2012 December Design - openmpp/openmpp.github.io GitHub Wiki

About this document

This roadmap and architecture document presented from "model developer" point of view, which imply C++ development process, user aspects of OpenM++ are deliberately excluded. Please refer to OpenM++ user guide pages for additional details.

What is OpenM++

OpenM++ is an open source implementation of the Modgen microsimulation tool created at Statistics Canada. It is not a copy of the Modgen, but a new, functionally equal implementation of publically available Modgen specifications. OpenM++ also has its own important distinct features like portability, scalability and open source, which Modgen does not. Extensive information on Modgen is available on the Statistics Canada web site at http://www.statcan.gc.ca/microsimulation/modgen/modgen-eng.htm.

OpenM++ Design Basics

Common OpenM++ design principles:

portability: it must work on Windows and Linux, 32 and 64 bit versions
scalability: work on single PC, in cluster or in cloud environment
open source: it is open source product

OpenM++ is portable and scalable:

OpenM++ designed, developed and tested to work on Windows and Linux, in 32 and 64 bits. As result same model can be created and tested on model developer Windows PC and later run on Linux (or Windows) HPC cluster with thousands CPUs.

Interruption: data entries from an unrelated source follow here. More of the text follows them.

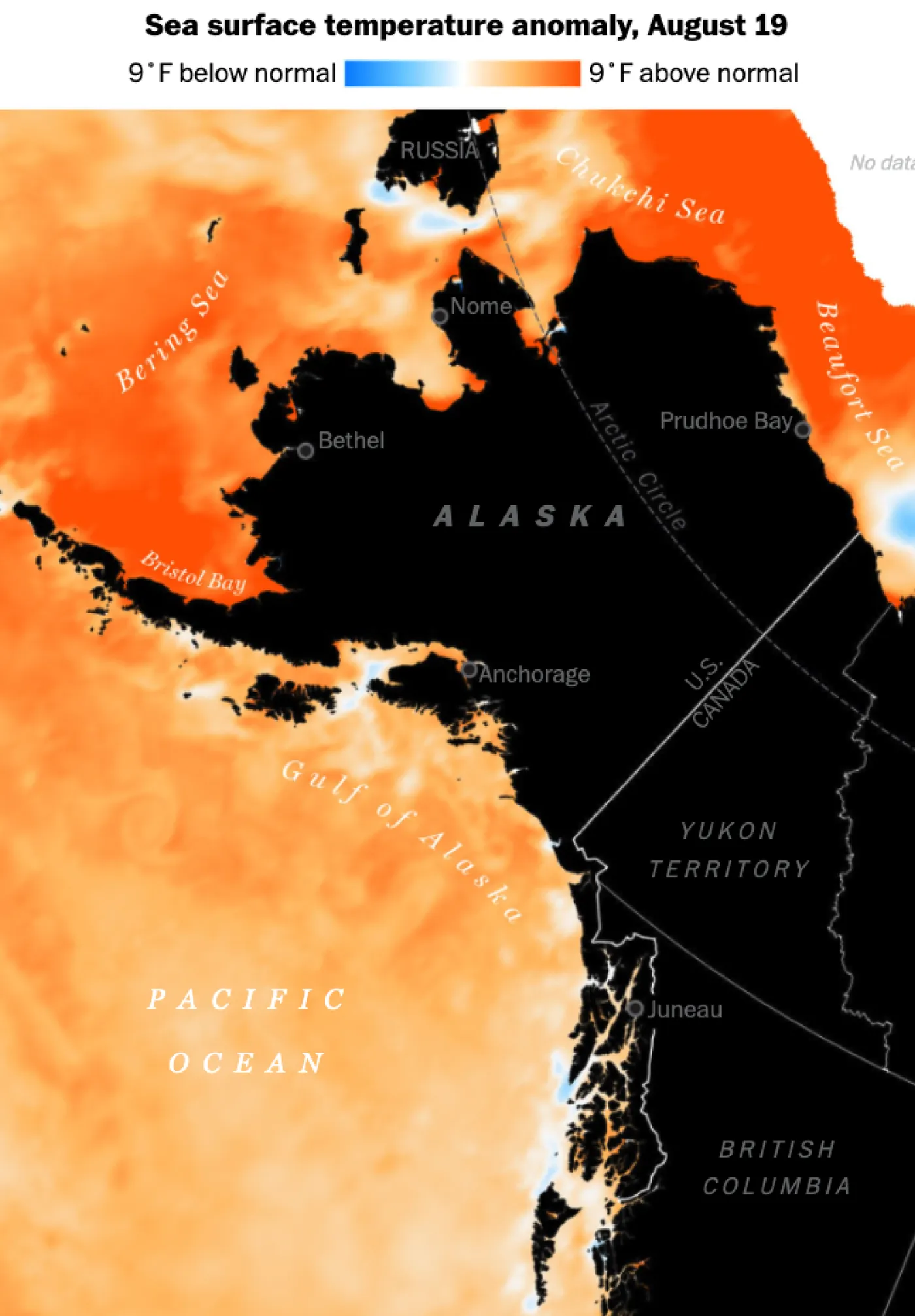 A Washington Post map of sea surface temperature anomalies around Alaska on August 19, with the Bering and Chukchi seas far above normal
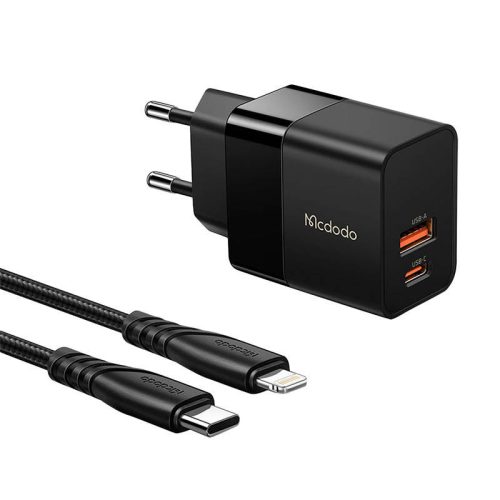 Mcdodo CH-1952 USB + USB-C fali töltő, 20W + USB-C–Lightning kábel (fekete)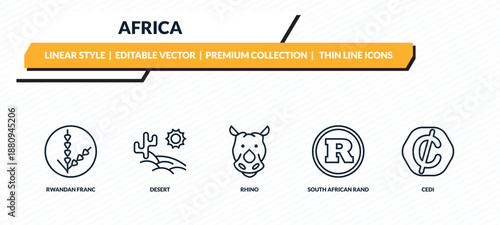 africa icons set - rwandan franc, desert, rhino, south african rand, cedi outline vector collection.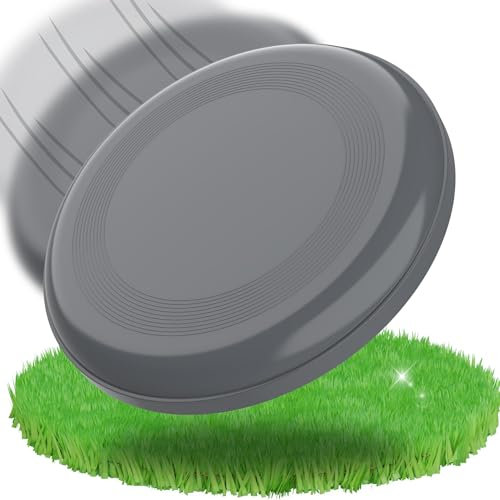 Nachhaltige Frisbee Scheibe 'Space Flyer' Ø 22 cm - Wurfscheibe perfekt für Kinder, Erwachsene oder als Hundefrisbee - Vielseitiges Outdoor Spielzeug für Garten, Strand & Wasser, Farbe:schiefer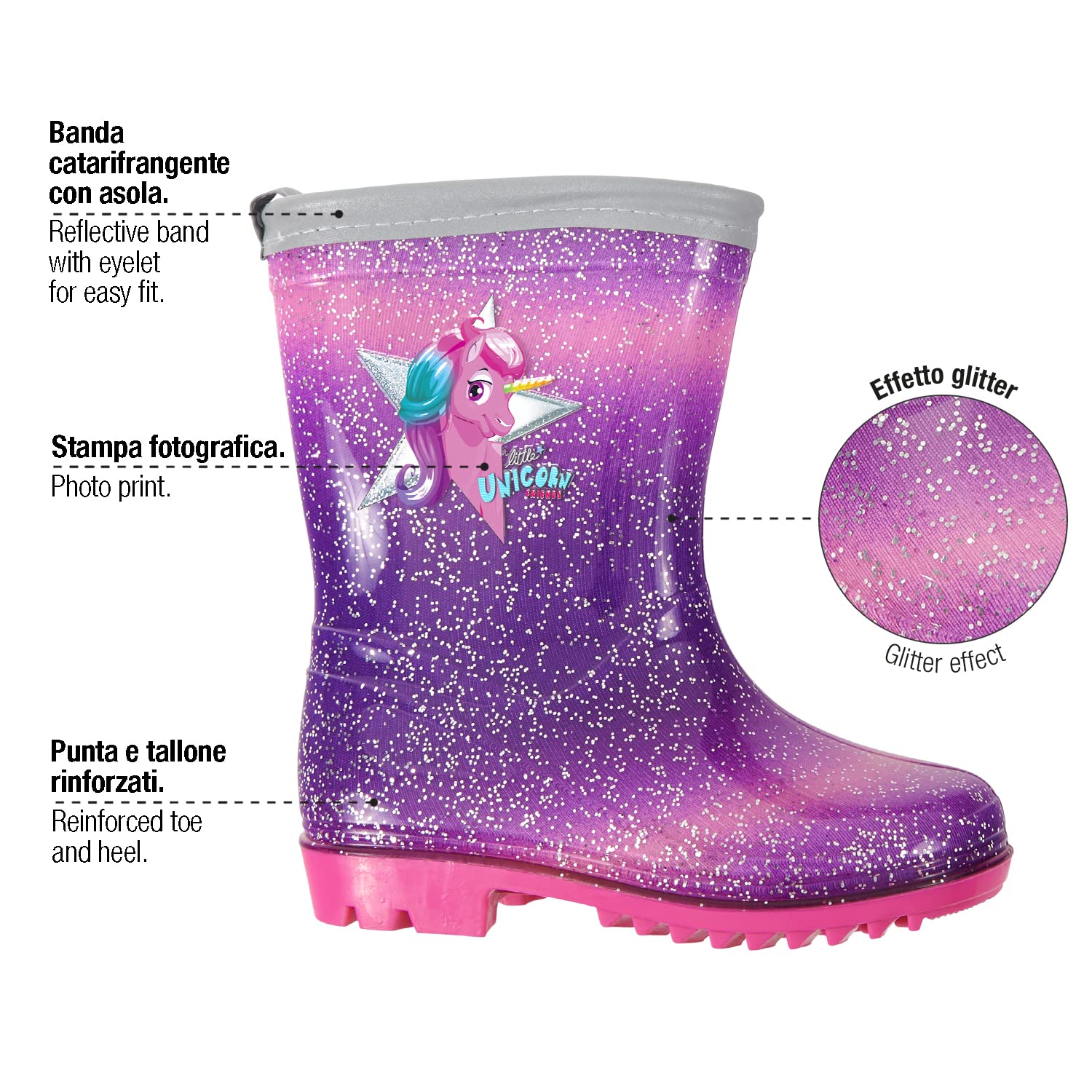 PERLETTI Botas de Agua Niñas con Unicornio - Calzado de Lluvia Niña Morado y Rosa - Botas Impermeables Infantes con Detalles Reflectantes Suela Antideslizante - Material PVC 5 Tallas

OpenM++ models are essentially highly parallelizable computational applications and fits very well in HPC cluster environment.

Specific version of cluster environment is to be established during first development phase. However, for the purpose of this design document, we can make a safe assumption cluster environment mean MPI cluster since many of existing HPC clusters, including CopmuteCanada cluster, are MPI-based.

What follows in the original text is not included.